40 In the present case, it is likewise unnecessary to decide whether evidence that a document was in fact delivered might permissibly be admitted to rebut the type of presumption for which s 160 and s 163 of the Evidence Act provide. No evidence as to when the statutory demand and accompanying affidavit were in fact delivered was led by either party. At the very least and for the reasons given by Cowdroy J, proof of non-receipt would rebut the presumption. Here, there is such proof. Neither s 160 nor s 163 of the Evidence Act operates so as to presume the receipt of these documents at a particular time.
41 Proof of non-receipt is also relevant to but not decisive of whether there was non-delivery of the addressed envelope containing these documents. There was evidence that the envelope had not been returned to the Townsville office of the Australian Taxation Office but that is hardly surprising as the only return address on the envelope was struck out. Taking this into account in conjunction with proof of non-receipt and the partial obscuring of the address, I am satisfied on the balance of probabilities that envelope containing the documents was not even delivered. Further and in any event, there is, as noted, no evidence as to when the envelope as addressed would have been delivered in the ordinary course of the post.
42 It follows that, however one approaches this matter, the Commissioner has not proved non-compliance with the statutory demand within 21 days after it was served on ABW. He has not even proved that it was served.
43 In these circumstances, it is unnecessary to consider whether, if the Commissioner had proved, by statutory presumption or otherwise, that ABW was insolvent, a winding up order nonetheless ought not to be made as a matter of discretion.
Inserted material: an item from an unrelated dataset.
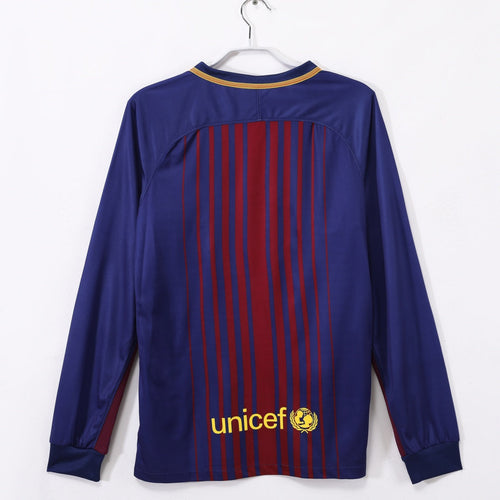 Maillot domicile rétro du FC Barcelone 2017-2018 à manches longues, signé Le 12 -ème Maillot.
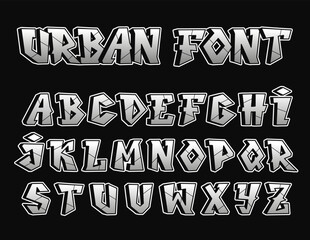 Graffiti letters font.Vector hand drawn line cartoon illustration. Graffiti letters, abc, urban, font fashion print for t-shirt, poster, logo art concept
I collected the authorities concerned in relation to the exercise of that discretion in Deputy Commissioner of Taxation v Tilley Property Management Services Pty Ltd [2011] FCA 678. There was evidence before me, including evidence from ABW's present accountant, Mr Robert Bigalla, as to what would remain if credits as a result of amended business activity statements were applied and objections to underlying assessments were both valid and allowed. On one view, nothing would remain outstanding by ABW but the correctness of that view was controversial in law and in fact, including whether valid objections had been lodged. Given that it is unnecessary to consider the exercise of the discretion, I consider it inappropriate to make and I expressly refrain from making any observation either on the validity of the objections or what might be their prospects of success in the circumstances disclosed. Instead, for the reasons given above, I dismiss the winding up application, with costs.
I certify that the preceding forty-three (43) numbered paragraphs are a true copy of the Reasons for Judgment herein of the Honourable Justice Logan.